» What this task involves
Across the entries that follow, count each line holding "Match" and state the total alone.

[Short text fragments from websites]
........

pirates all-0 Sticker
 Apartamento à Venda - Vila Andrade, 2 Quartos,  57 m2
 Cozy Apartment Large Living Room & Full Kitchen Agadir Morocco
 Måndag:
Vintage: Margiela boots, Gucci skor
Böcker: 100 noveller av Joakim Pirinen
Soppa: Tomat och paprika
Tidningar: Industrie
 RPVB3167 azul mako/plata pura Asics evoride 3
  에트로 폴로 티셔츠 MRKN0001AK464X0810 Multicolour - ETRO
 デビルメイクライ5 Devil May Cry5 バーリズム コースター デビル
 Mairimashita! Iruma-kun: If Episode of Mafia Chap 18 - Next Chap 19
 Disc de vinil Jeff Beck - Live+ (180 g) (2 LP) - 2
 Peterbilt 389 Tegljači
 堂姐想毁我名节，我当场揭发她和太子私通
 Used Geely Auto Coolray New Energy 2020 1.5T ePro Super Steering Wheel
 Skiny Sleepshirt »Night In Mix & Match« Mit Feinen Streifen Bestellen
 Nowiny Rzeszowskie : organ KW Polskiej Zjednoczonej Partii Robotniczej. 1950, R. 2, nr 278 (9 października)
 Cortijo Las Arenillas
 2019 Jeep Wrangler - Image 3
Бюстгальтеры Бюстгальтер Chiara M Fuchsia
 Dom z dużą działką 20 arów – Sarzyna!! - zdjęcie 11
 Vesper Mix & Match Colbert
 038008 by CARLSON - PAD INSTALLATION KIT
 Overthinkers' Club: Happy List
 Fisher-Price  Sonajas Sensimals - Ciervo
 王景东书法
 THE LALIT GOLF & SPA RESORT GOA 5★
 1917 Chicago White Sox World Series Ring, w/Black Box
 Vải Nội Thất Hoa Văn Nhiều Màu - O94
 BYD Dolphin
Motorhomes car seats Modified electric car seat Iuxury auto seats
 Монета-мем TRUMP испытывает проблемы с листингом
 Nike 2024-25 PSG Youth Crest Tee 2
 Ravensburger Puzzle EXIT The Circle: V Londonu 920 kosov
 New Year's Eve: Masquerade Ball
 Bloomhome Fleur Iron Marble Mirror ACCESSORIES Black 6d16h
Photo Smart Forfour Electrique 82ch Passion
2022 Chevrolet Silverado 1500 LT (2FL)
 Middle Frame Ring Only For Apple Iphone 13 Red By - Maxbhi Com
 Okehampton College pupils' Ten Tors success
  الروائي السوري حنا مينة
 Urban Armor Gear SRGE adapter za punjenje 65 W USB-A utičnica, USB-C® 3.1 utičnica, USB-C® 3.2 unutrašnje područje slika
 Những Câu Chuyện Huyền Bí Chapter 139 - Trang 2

........

» Output of the exercise
2